How to complete this task
Omit any pictures, and restate word for word only the lines from the one with "Sweety Iris Grey-Colored Contacts-UNIQSO" through the end of the data below.

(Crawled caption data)
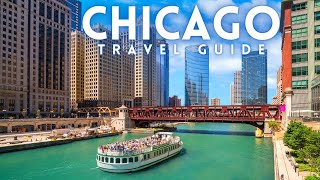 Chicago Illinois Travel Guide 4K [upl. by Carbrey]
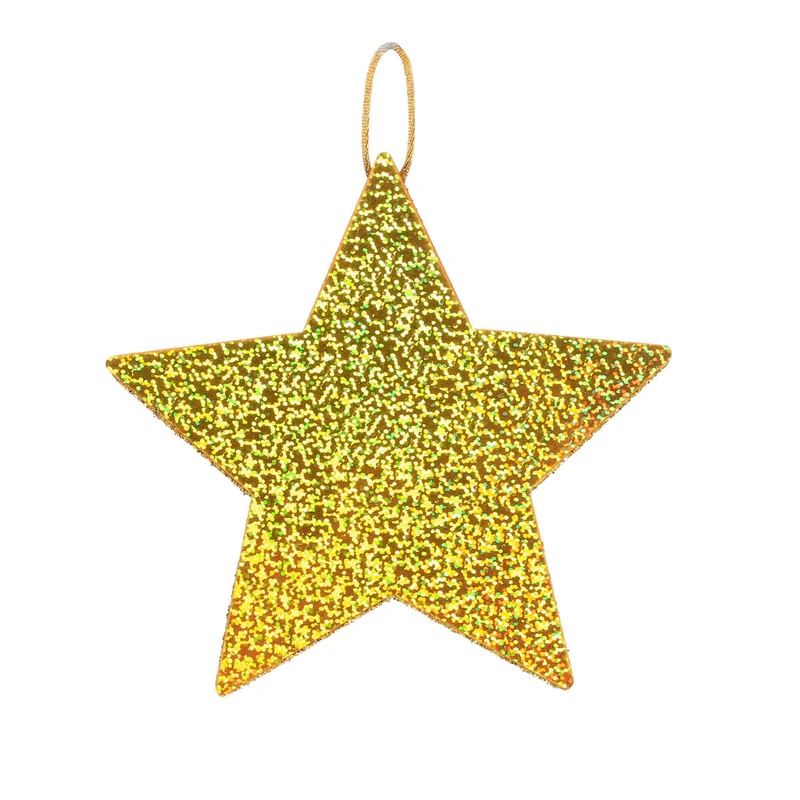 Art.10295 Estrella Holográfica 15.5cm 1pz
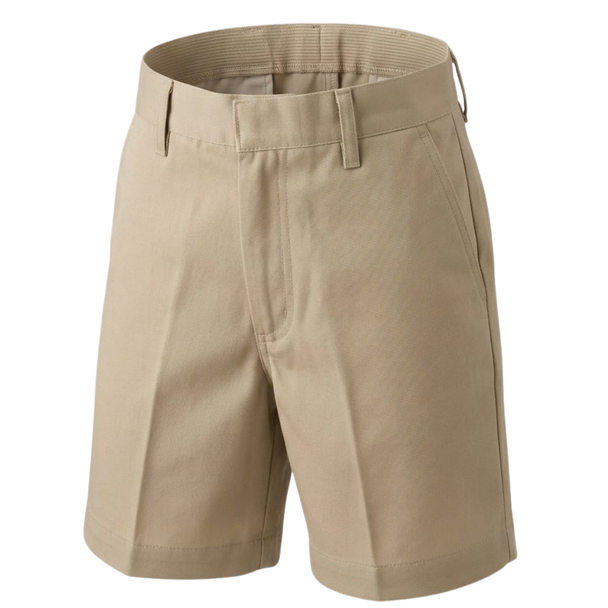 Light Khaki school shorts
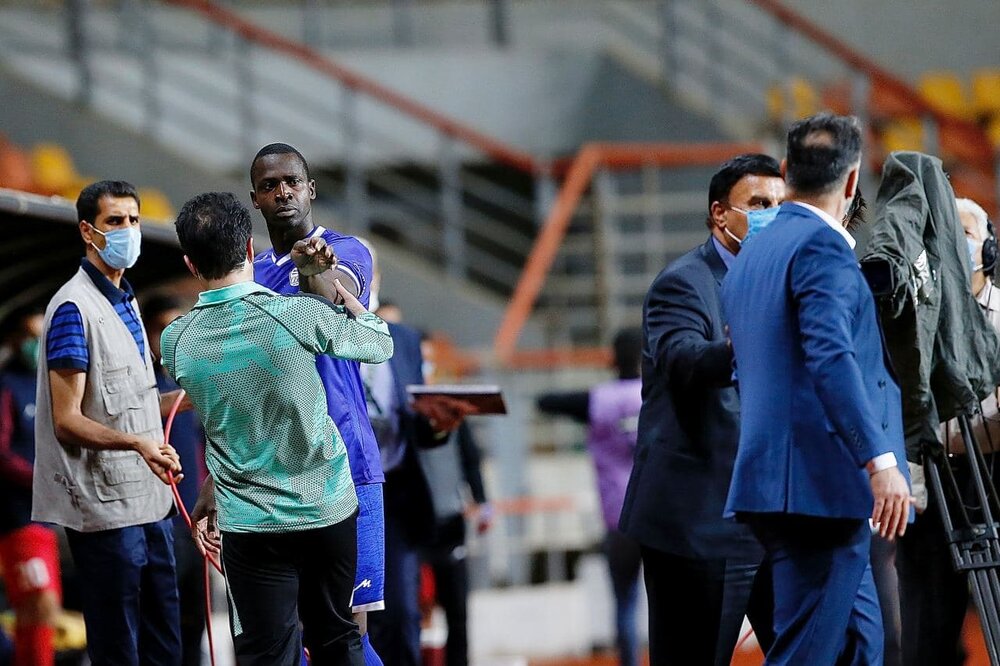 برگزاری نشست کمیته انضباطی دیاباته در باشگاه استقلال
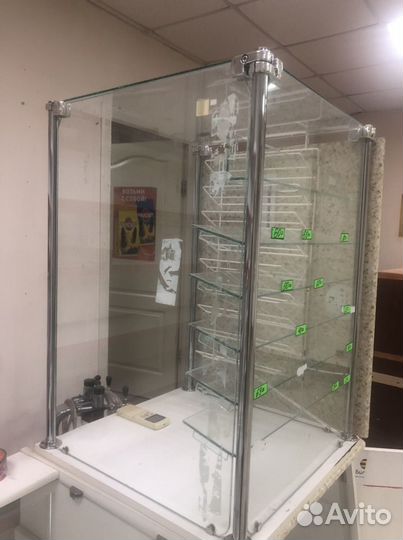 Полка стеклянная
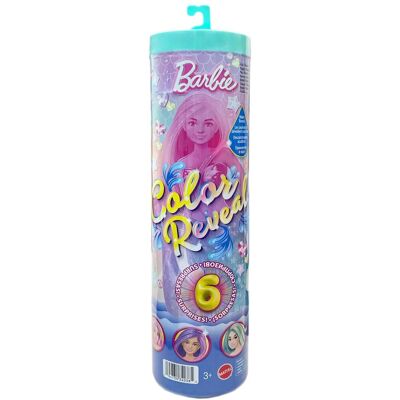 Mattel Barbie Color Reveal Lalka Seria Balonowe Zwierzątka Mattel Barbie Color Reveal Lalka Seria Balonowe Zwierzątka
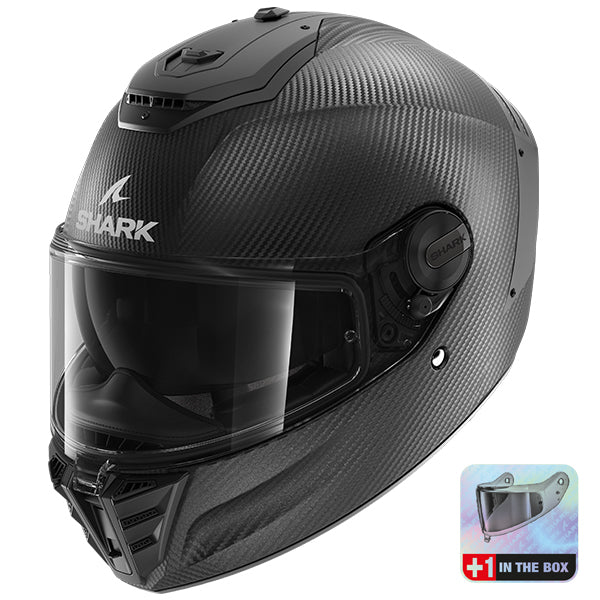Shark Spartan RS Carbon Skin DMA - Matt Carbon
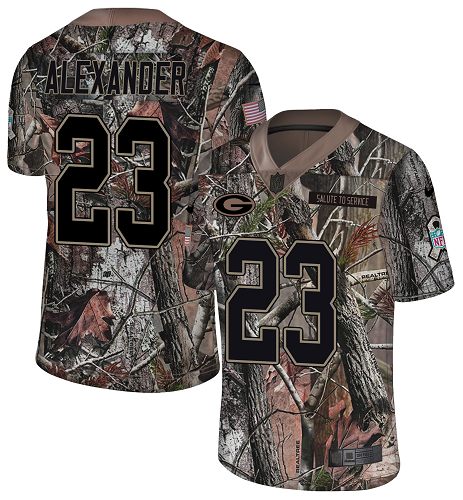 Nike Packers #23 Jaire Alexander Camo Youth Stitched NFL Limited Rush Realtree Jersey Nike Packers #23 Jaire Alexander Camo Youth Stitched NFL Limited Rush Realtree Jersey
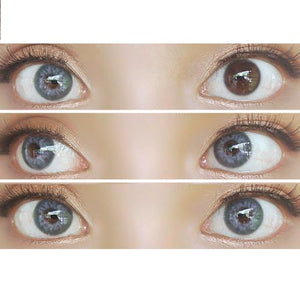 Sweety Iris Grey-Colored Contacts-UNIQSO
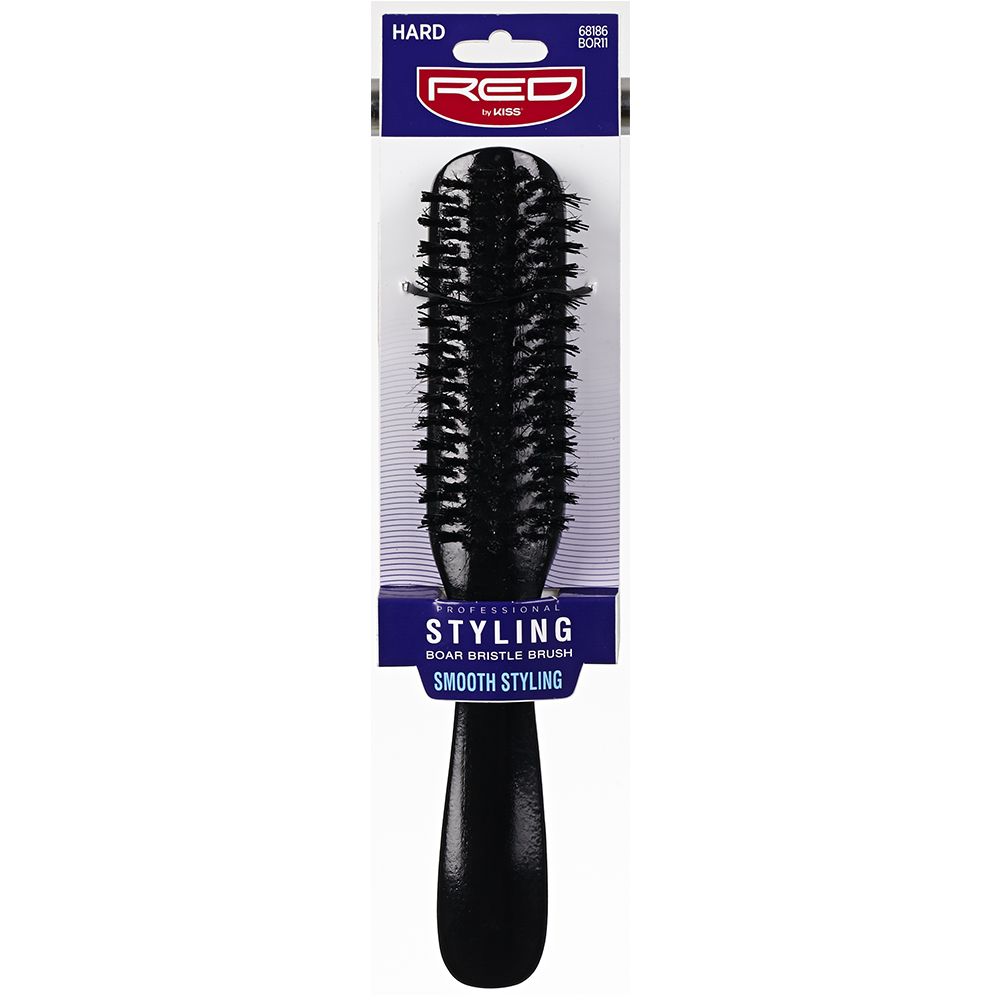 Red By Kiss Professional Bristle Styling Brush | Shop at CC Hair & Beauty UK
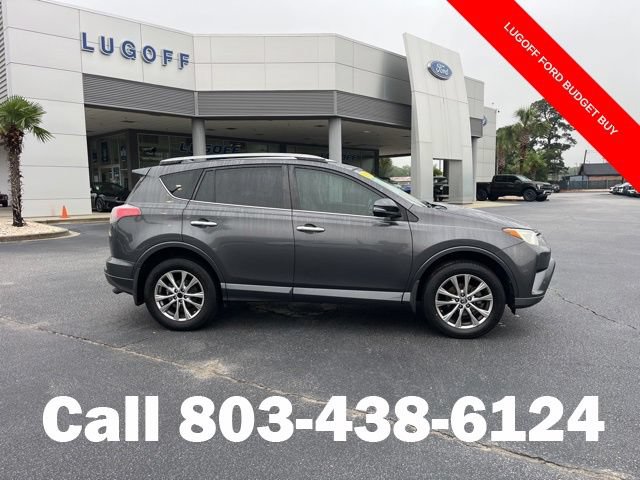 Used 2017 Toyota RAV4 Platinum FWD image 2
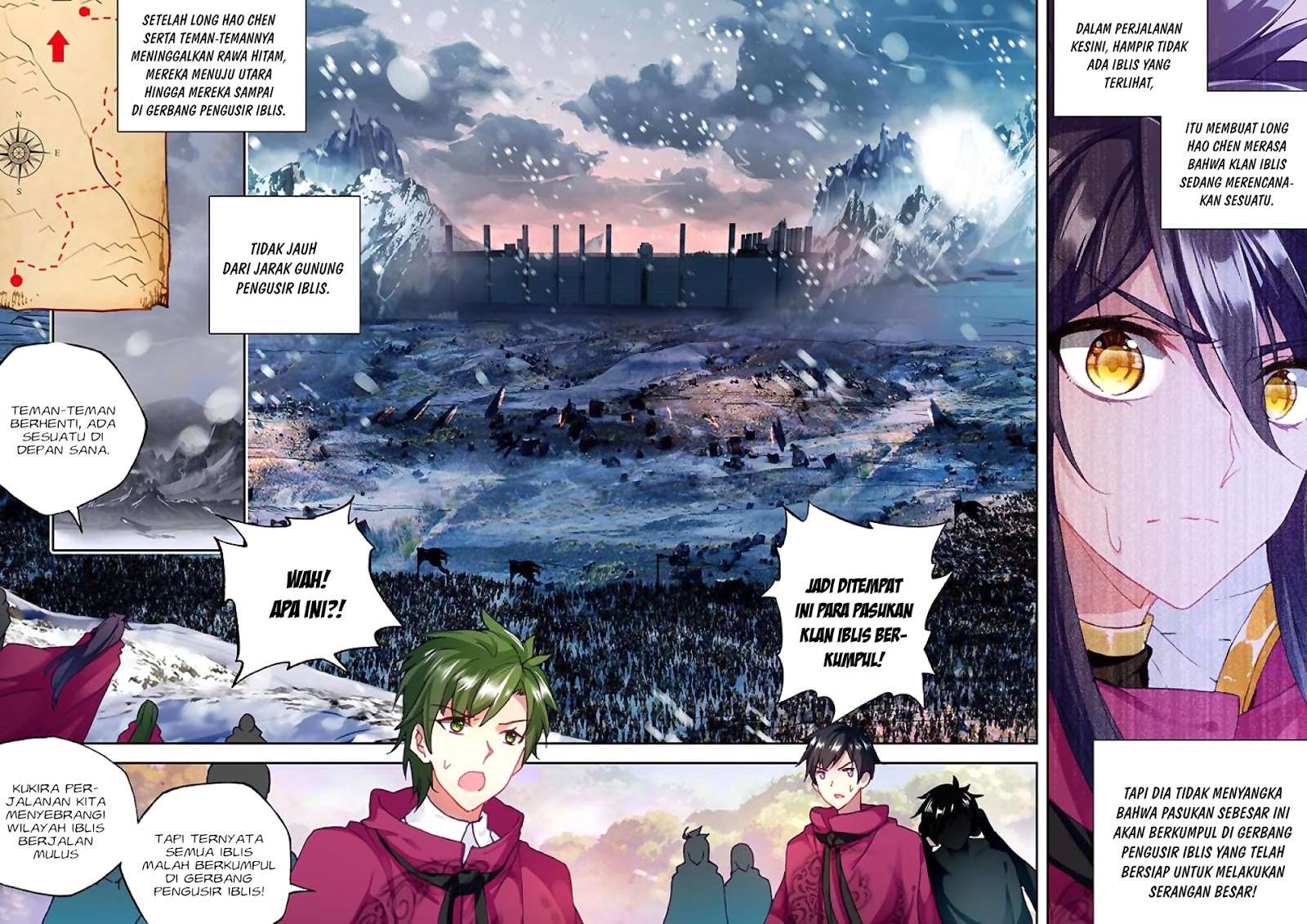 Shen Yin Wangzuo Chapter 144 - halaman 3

Response to this task
 Sweety Iris Grey-Colored Contacts-UNIQSO
 Red By Kiss Professional Bristle Styling Brush | Shop at CC Hair & Beauty UK
 Used 2017 Toyota RAV4 Platinum FWD image 2
 Shen Yin Wangzuo Chapter 144 - halaman 3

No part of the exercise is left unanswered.